A Project Liberty Experience @ Unfinished Live
If you can’t touch or feel something, how do you know it’s yours?
Today, every action we take leaves a trail of data that’s owned, controlled, and monetized by large corporations. Unfinished, an organization dedicated to strengthening civic life in the digital age, imagines a more equitable, decentralized digital world and believes data ownership is the defining public policy issue of the future.
For its first public event – Unfinished Live – Unfinished convened influential tech, impact, and cultural leaders to discuss the future over two days at NYC’s The Shed. Tasked with creating an interactive exhibit for the centerpiece of the conference, our team conceived, designed, and built A Project Liberty Experience to tell the compelling story behind the data we create, its value, who owns it, and who benefits from its value.

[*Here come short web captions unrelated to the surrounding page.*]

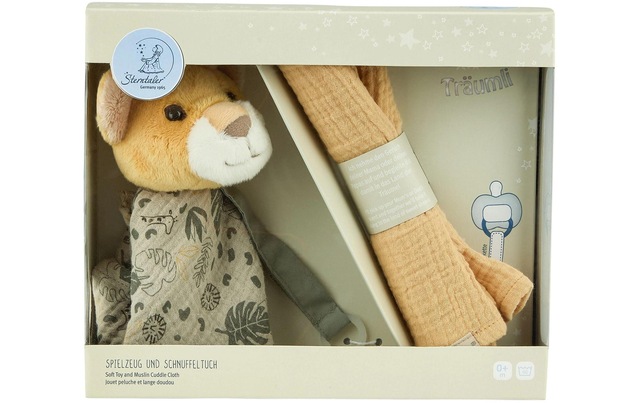 Sterntaler® Neugeborenen-Geschenkset »Löwe Leo«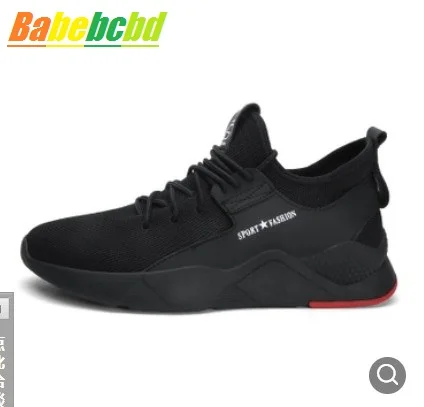 

Babebcbd 2019 spring new breathable men's shoes tide low top single shoes men's sports casual running shoes
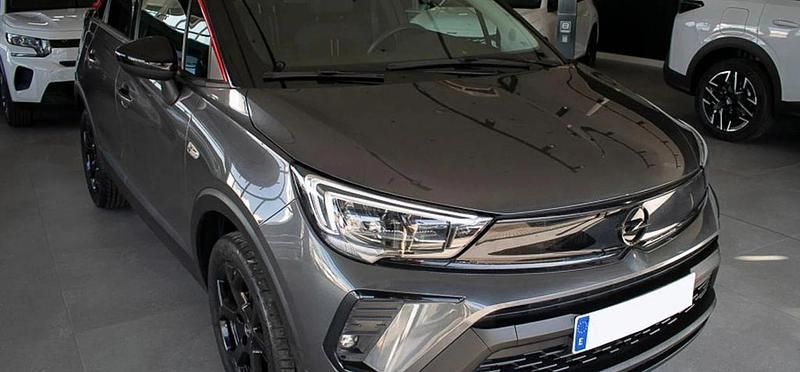 Usado Opel Crossland X 110 CV (80 kW) 2023 Pintura gris platinium SUV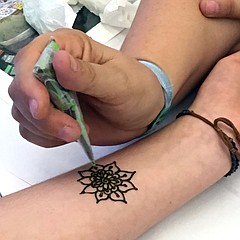 Henna Tattoo Class
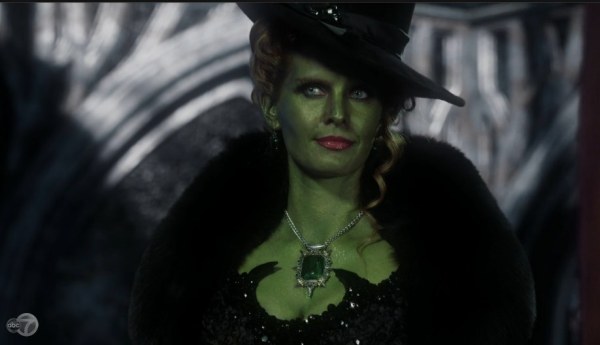 "The queen may be evil but I'm wicked and wicked always wins." - The Wicked Witch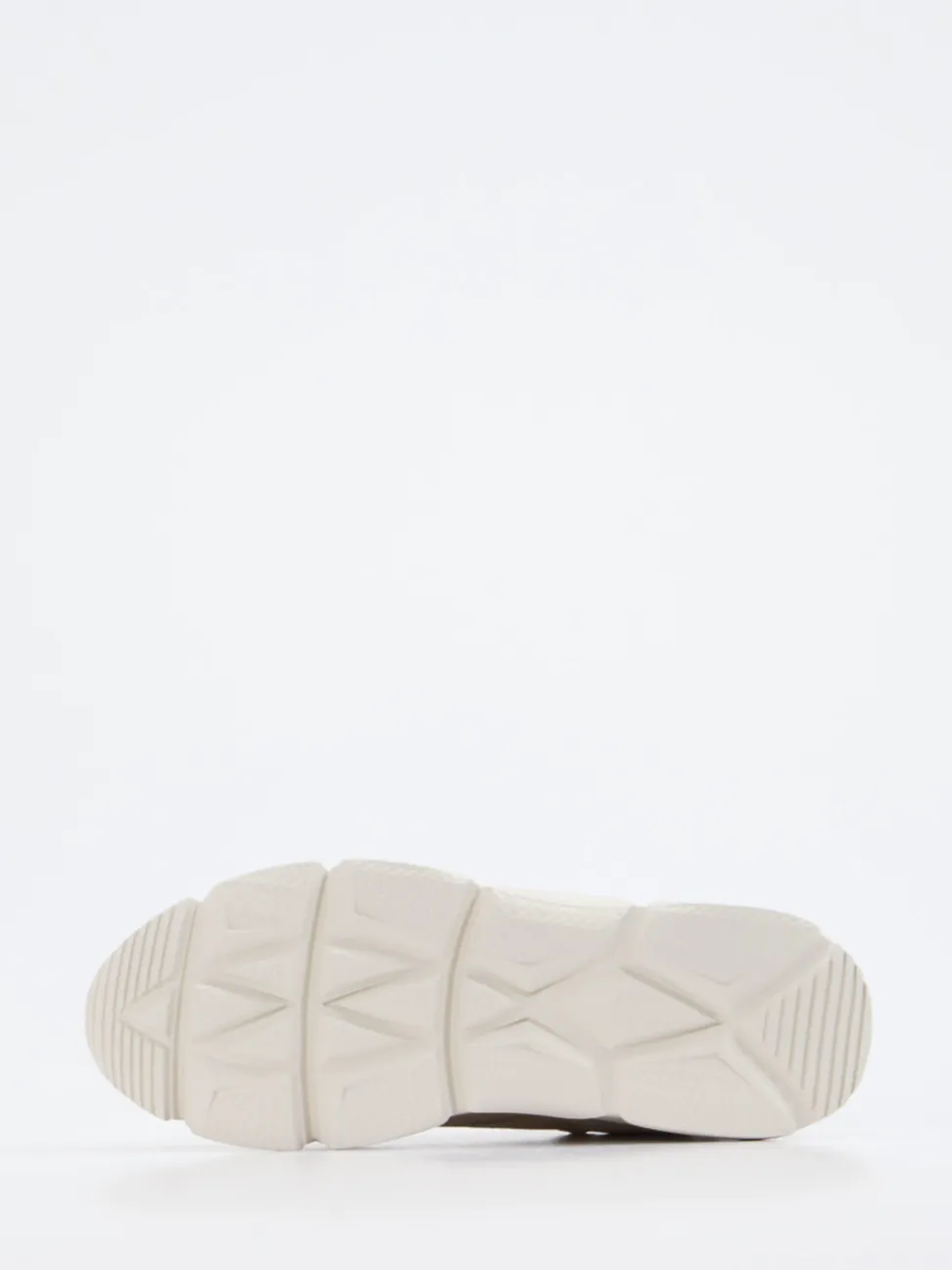 Copenhagen – Chunky Sneaker aus Veloursleder Beige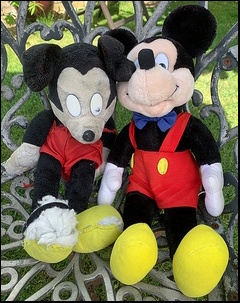 Thomas James B.'s Mickey with donor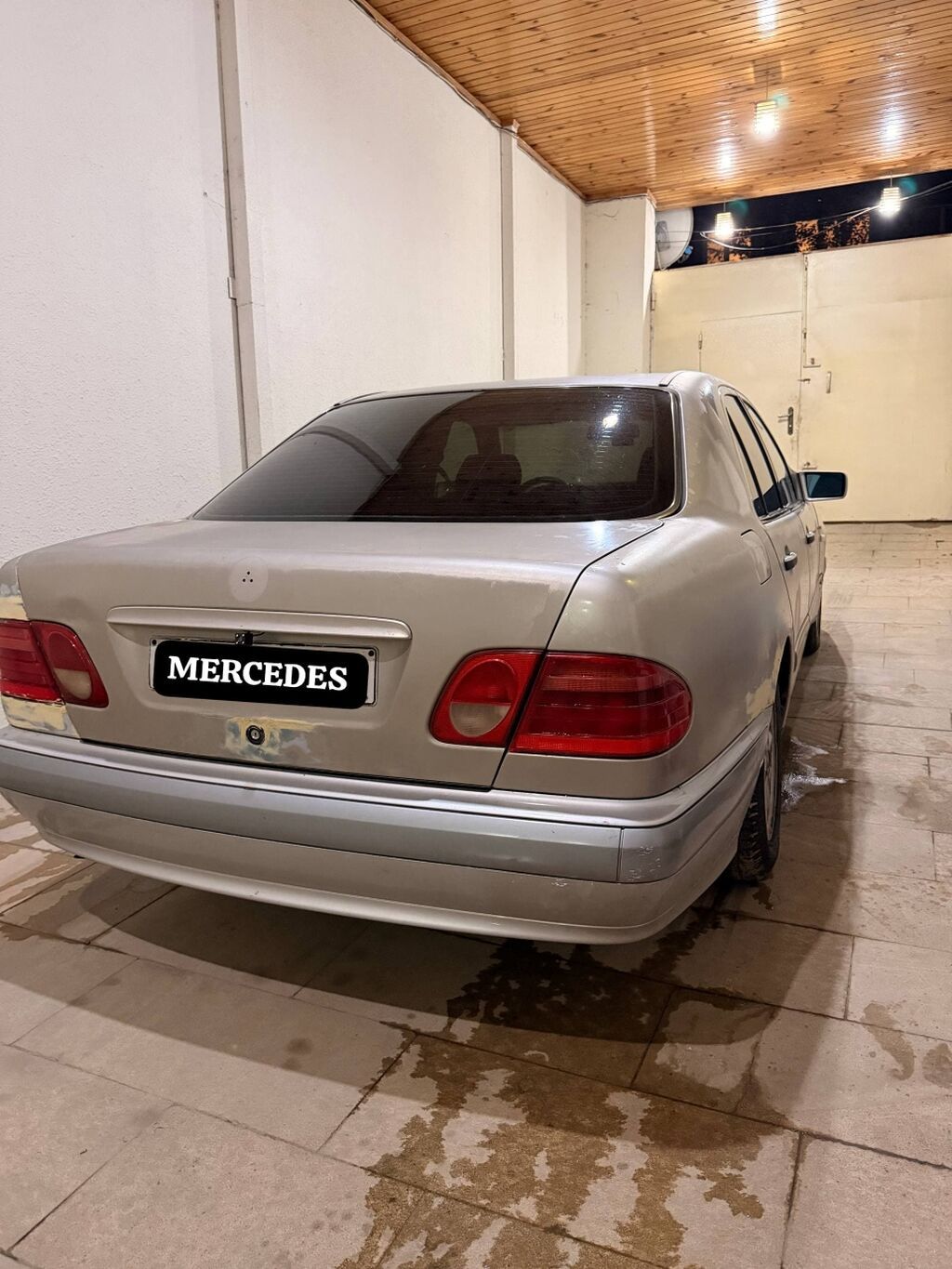 Mercedes-Benz E 200: 2 l 1997 il Sedan — Avtomobillər, Mehdiabad (4)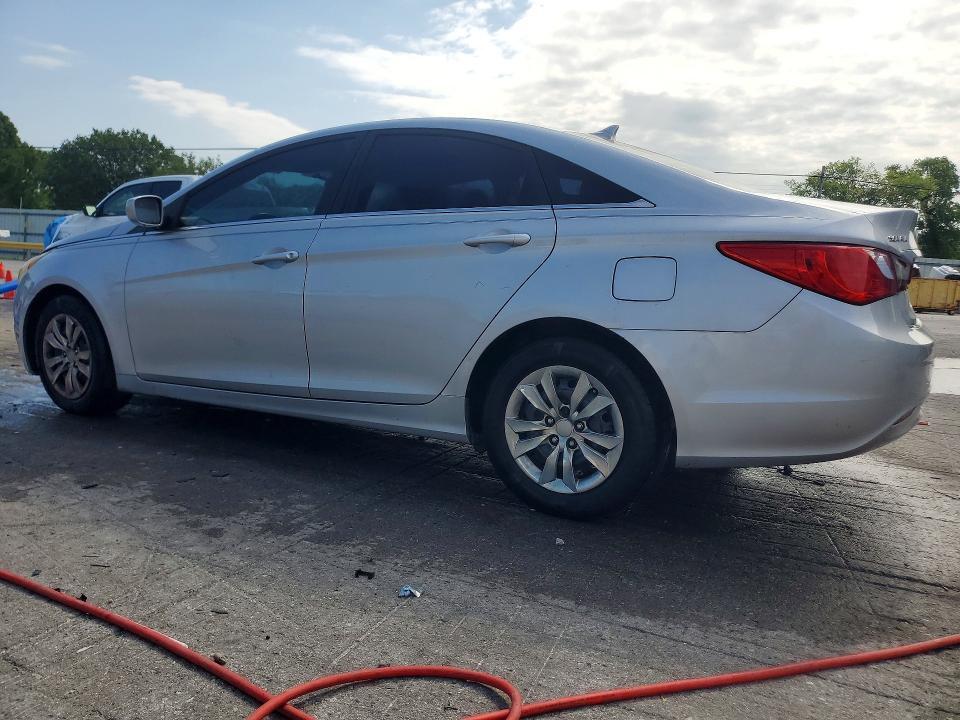 2011 HYUNDAI SONATA GLS — Фото 2 из 12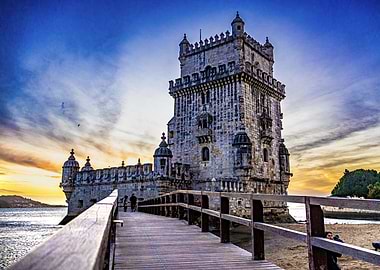 Belém Tower, Lisbon, Portugal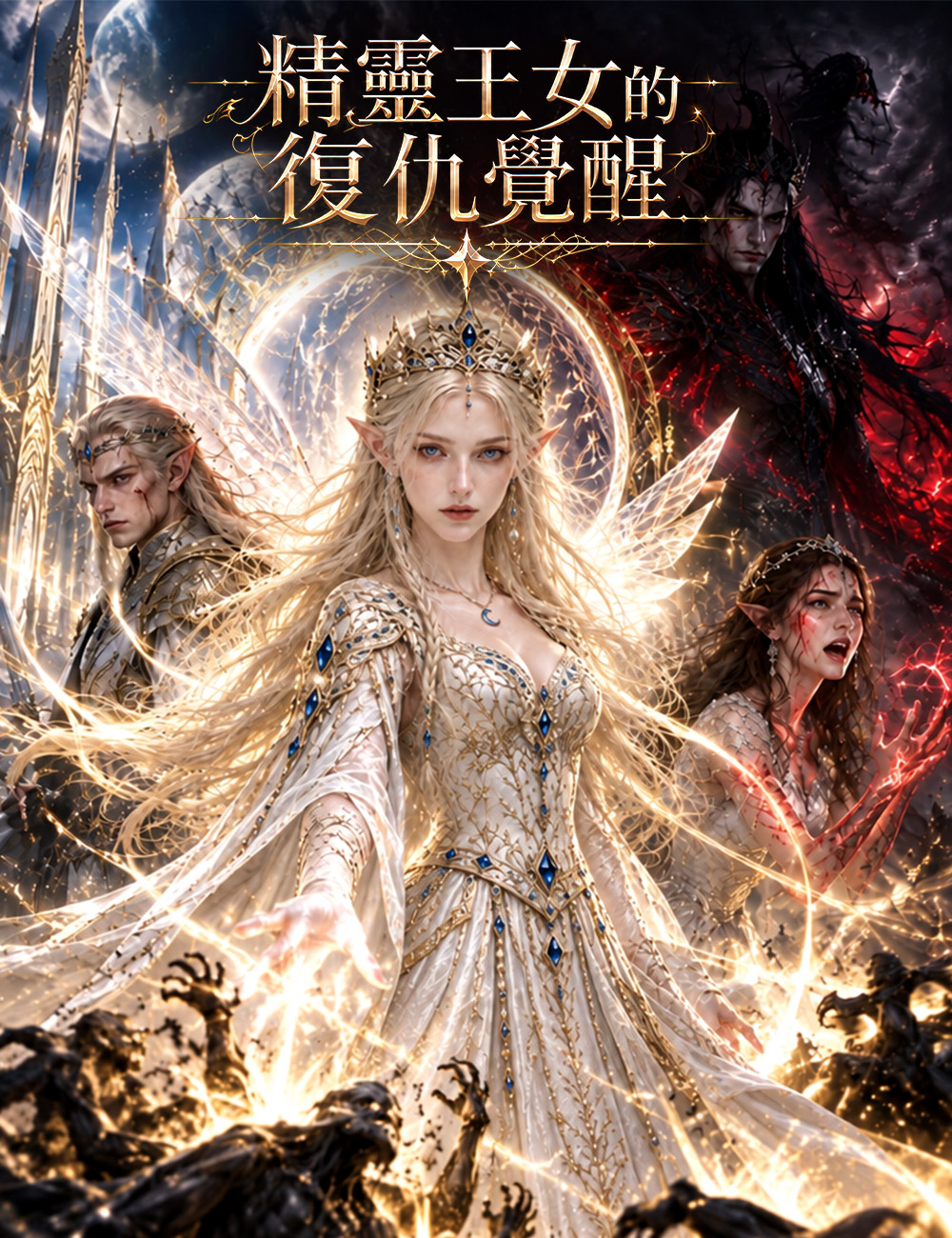 精靈王女的復仇覺醒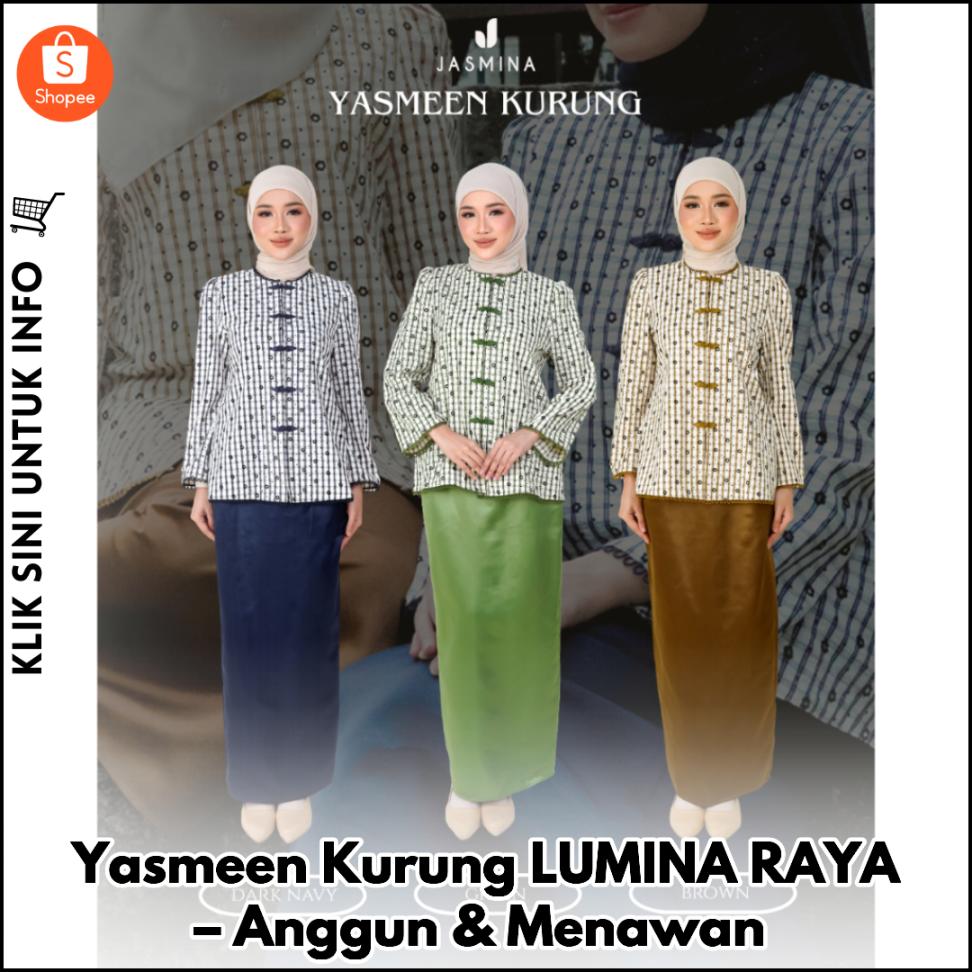 Yasmeen Kurung LUMINA RAYA – Anggun & Menawan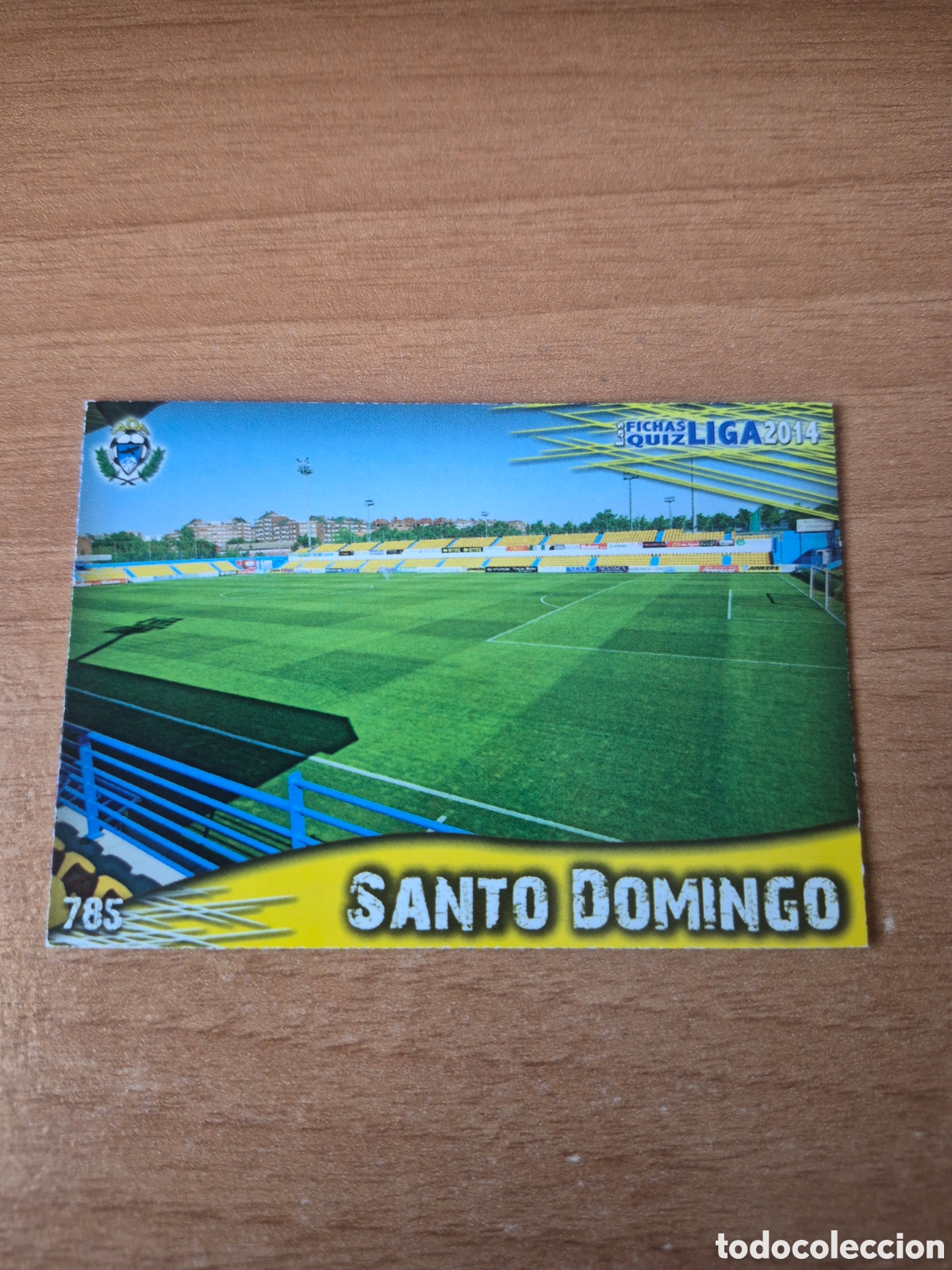 Cromos de f&uacute;tbol: 785 ESTADIO SANTO DOMINGO MATE MUNDICROMO 2013 2014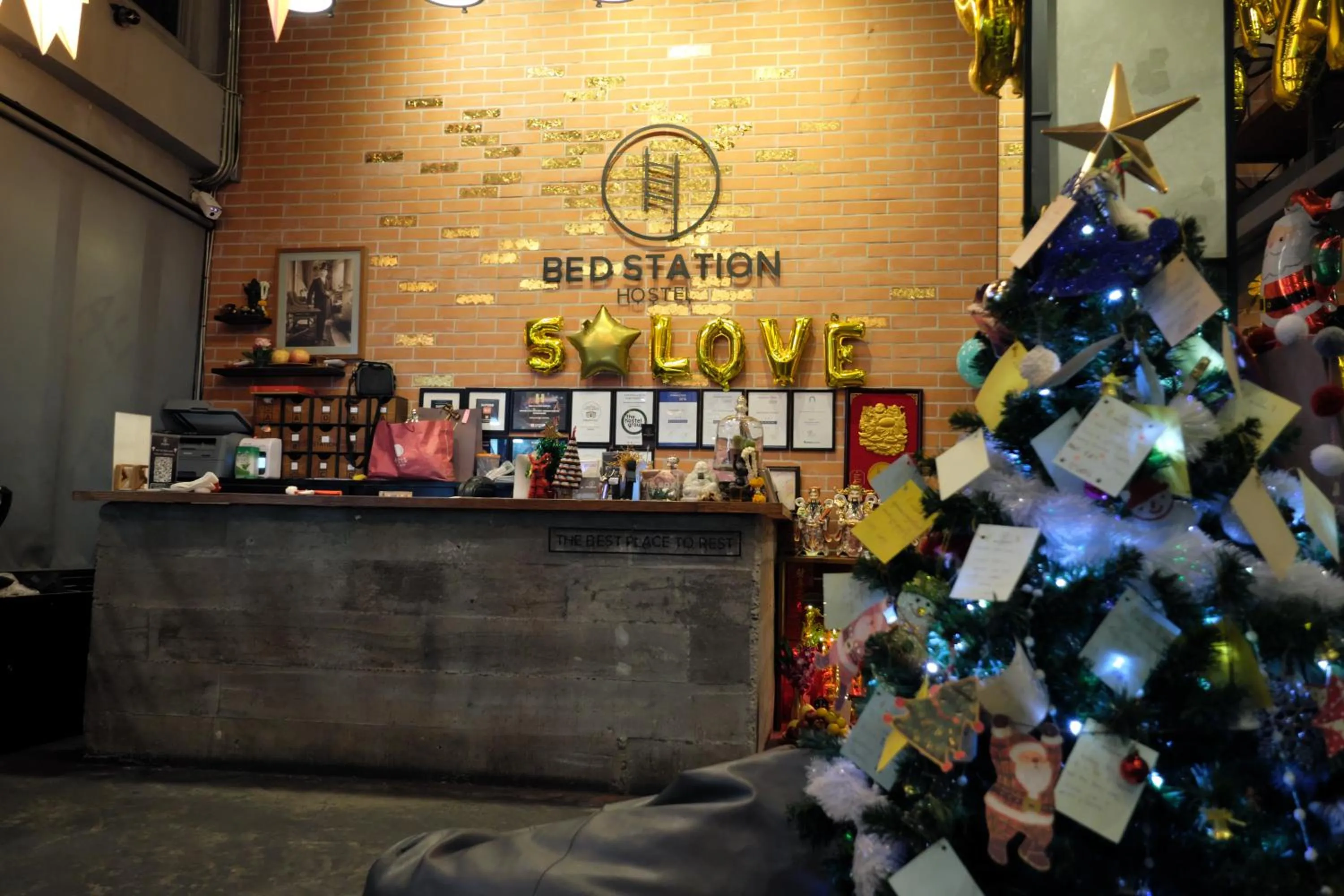 BED STATION Hostel Ratchthewi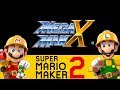 MegaMan X Remade In Super Mario Maker 2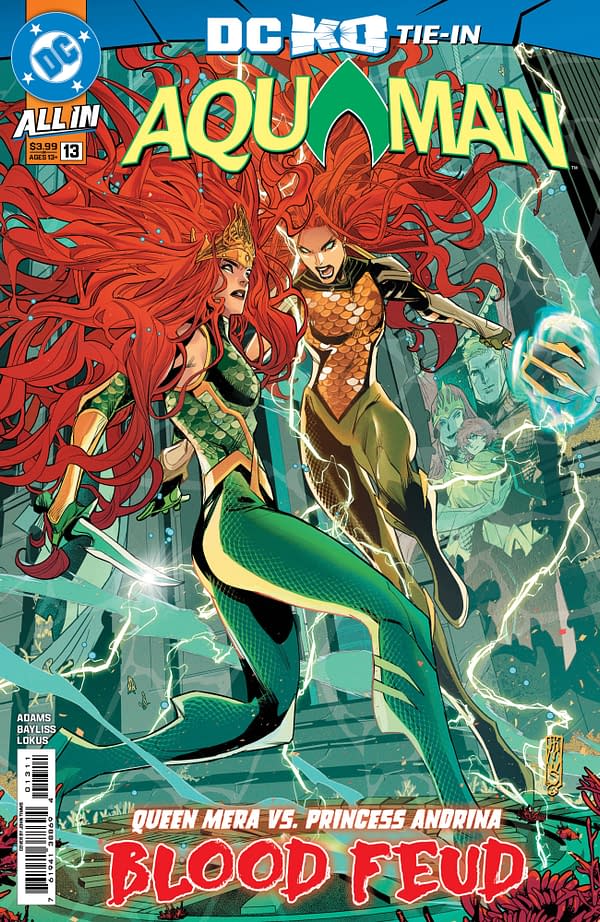 Cover image for Aquaman #13
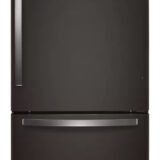Whirlpool 33-inch wide Bottom-Freezer Refrigerator - 22 cu. ft. WRB322DMHV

If you can’t touch or feel something, how do you know it’s yours? This question sparked our idea to bring the two data futures to life in a single experience that people could see and touch, and in a way that was as big as the issue itself.
We built a soaring 60-foot-tall cylinder in The Shed’s McCourt Atrium and partnered with world renowned multimedia artist Refik Anadol to create a dramatic data visualization composed of more than 100 million publicly available images of New York City’s architecture, cityscapes and landscapes. This was projected onto the cylinder along with responses to a crowdsourced survey asking the question, “If you had the power to control your data, what would you do?”
Inside the cylinder, attendees engaged with two interactive 40-by-80-foot data screens. One demonstrated how users’ data is taken from them and stored in “walled gardens” owned by large corporations; the other used gestural technology that allowed users to play freely with their data, helping them imagine a more equitable world where everyone owns and controls their own data.